◆ Exercise brief ◆
Print the lines from the one containing "Tekstura z wysokim" through the end of the material below, both included, exactly as they appear and without pictures.

◆ Extracted data ◆
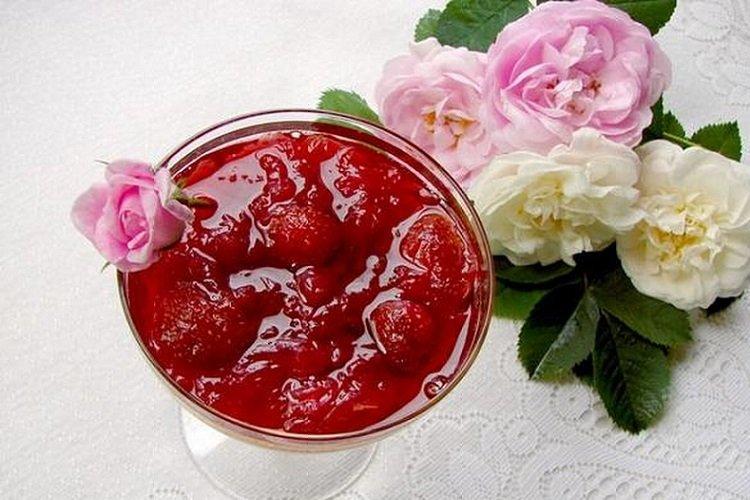 Marmelade mit Erdbeeren und Rosenblüten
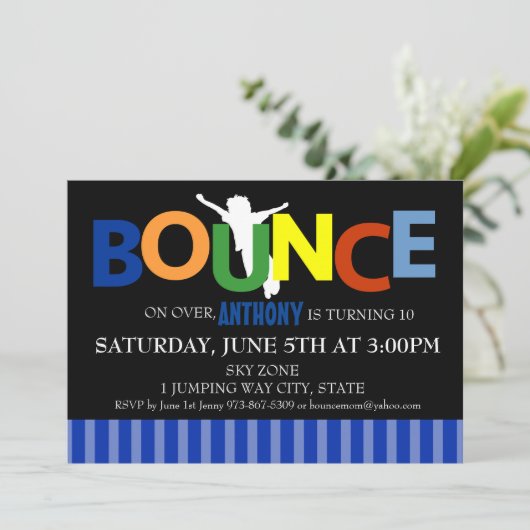 Jungs farbenfrohe Trampolin Bounce Party Einladung (Stehend Vorderseite)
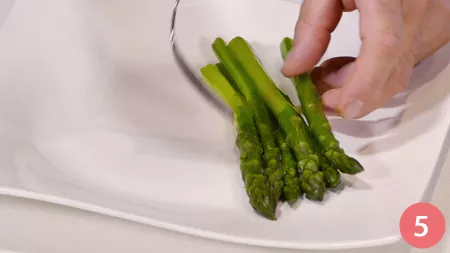 Salmone in padella con yogurt e asparagi - Passaggio 5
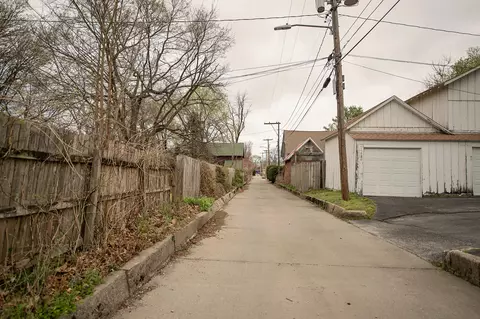 1322 N Benton Ave, Springfield, MO 65802 photo 38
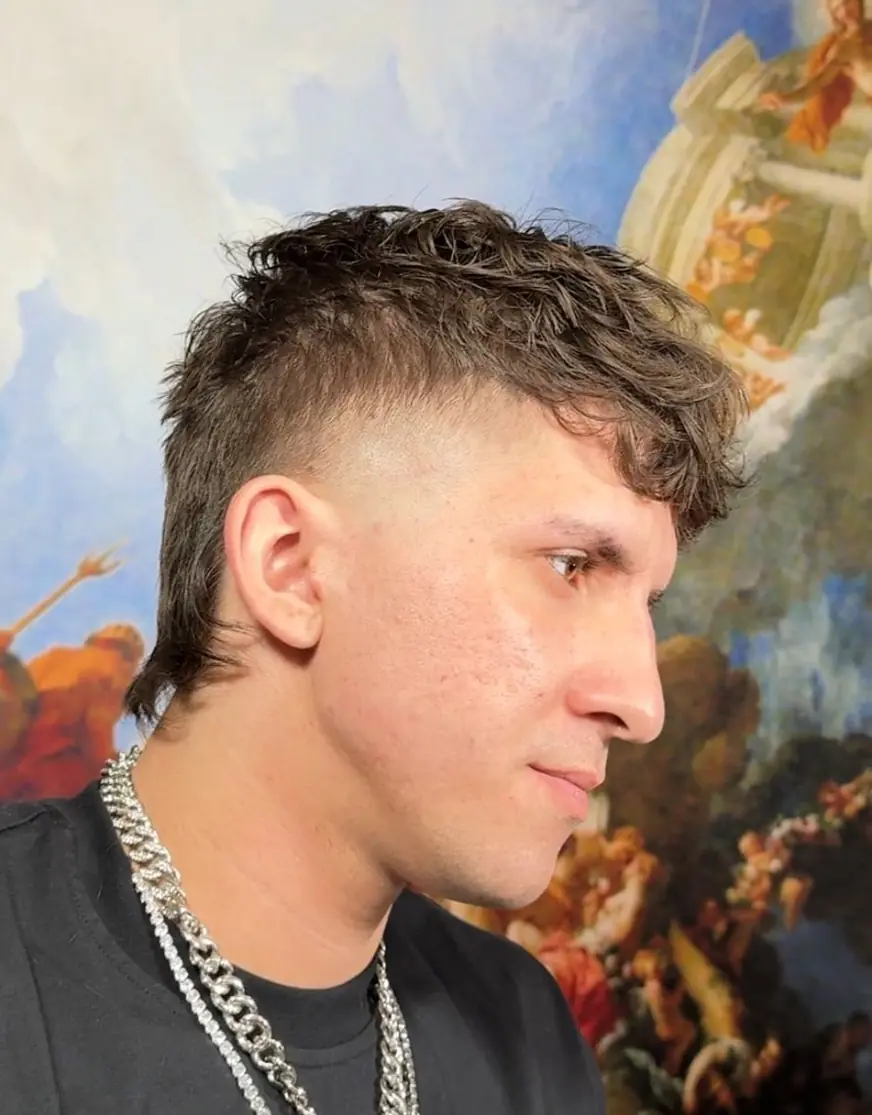 Tekstura z wysokim fadem — strzyżenie w QUCCUT Barber Krosno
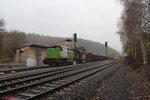 V1700.03 alias 277 004 steht mit einem leeren Holztransportzug in Arzberg abgestellt. 11.11.16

◆ Exercise response ◆
 Tekstura z wysokim fadem — strzyżenie w QUCCUT Barber Krosno
 V1700.03 alias 277 004 steht mit einem leeren Holztransportzug in Arzberg abgestellt. 11.11.16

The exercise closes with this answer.